PROBLEM REQUIREMENTS: The records below are to be restated word for word; their pictures are not.
-- -- --
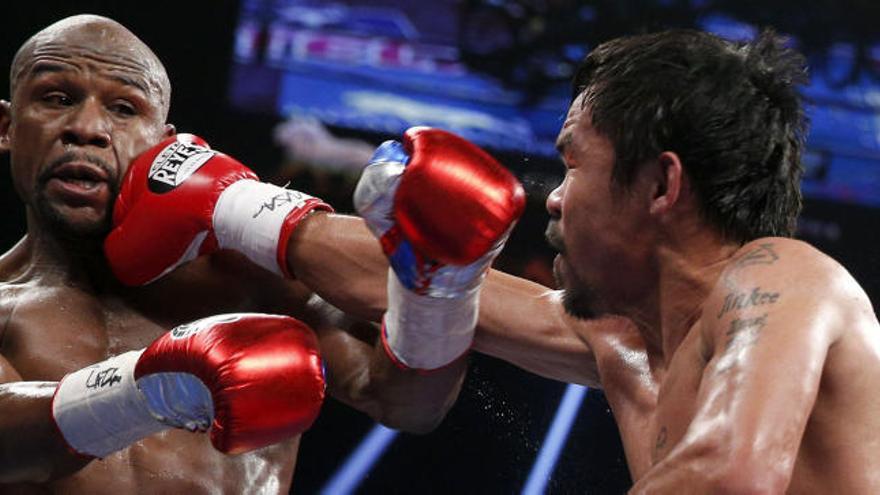 Floyd Mayweather y Manny Pacquiao, en su combate de 2015 en Las Vegas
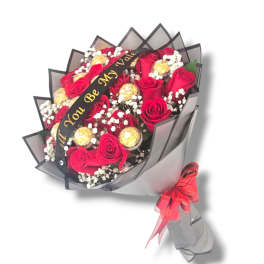 Bouquet of red roses with gold-wrapped chocolates and a ribbon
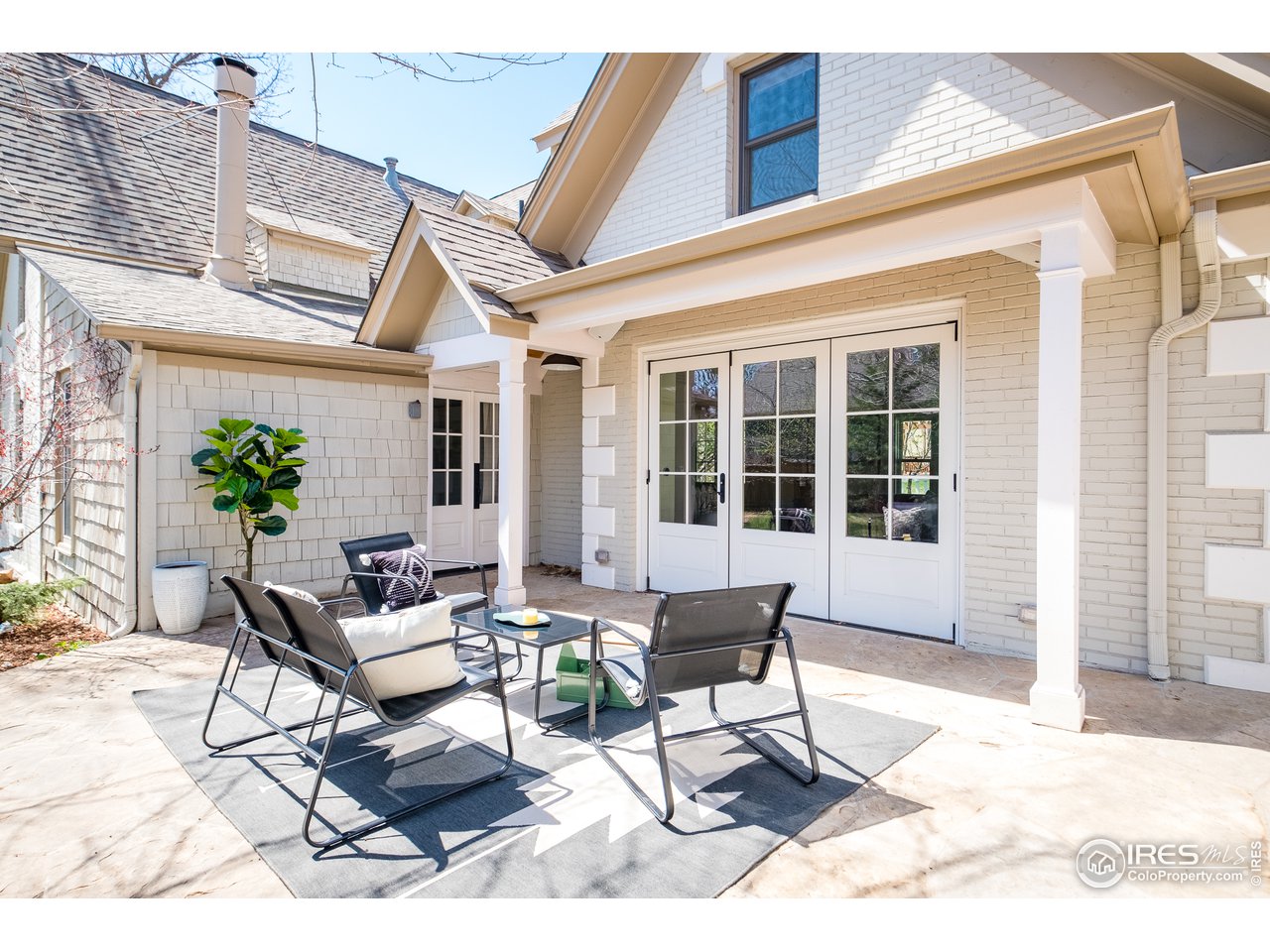 2303 Bluff Street Boulder, CO 80304 - Photo 37 of 40 a building outdoor space with patio furniture and potted plants
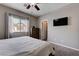 Bright main bedroom has a TV and window views at 3760 Candytuft Ridge Ave, North Las Vegas, NV 89081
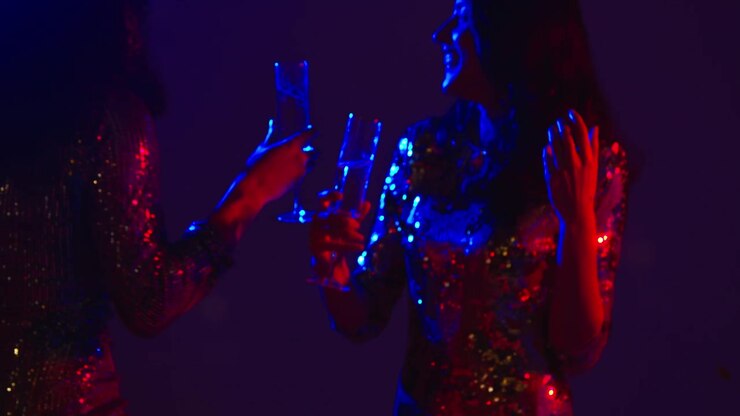 Primo piano di due donne in un nightclub, bar o discoteca che ballano e bevono alcolici con coriandoli di carta 1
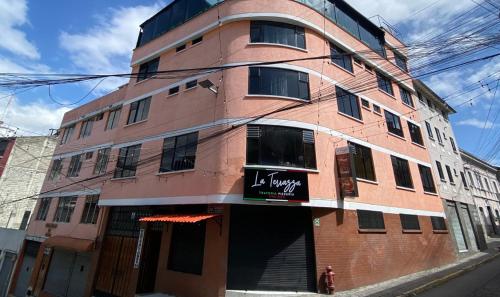 a red brick building with a sign on it at Ukuku Hostel & Rooftop - Quito in Quito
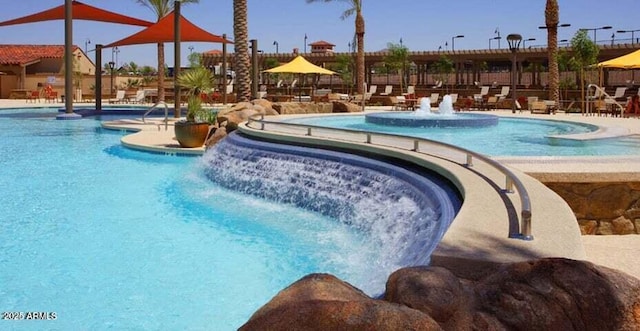 view of swimming pool with pool water feature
-- -- --
RESULT:
 Floyd Mayweather y Manny Pacquiao, en su combate de 2015 en Las Vegas
 Bouquet of red roses with gold-wrapped chocolates and a ribbon
 2303 Bluff Street Boulder, CO 80304 - Photo 37 of 40 a building outdoor space with patio furniture and potted plants
 Bright main bedroom has a TV and window views at 3760 Candytuft Ridge Ave, North Las Vegas, NV 89081
 Primo piano di due donne in un nightclub, bar o discoteca che ballano e bevono alcolici con coriandoli di carta 1
 a red brick building with a sign on it at Ukuku Hostel & Rooftop - Quito in Quito
 view of swimming pool with pool water feature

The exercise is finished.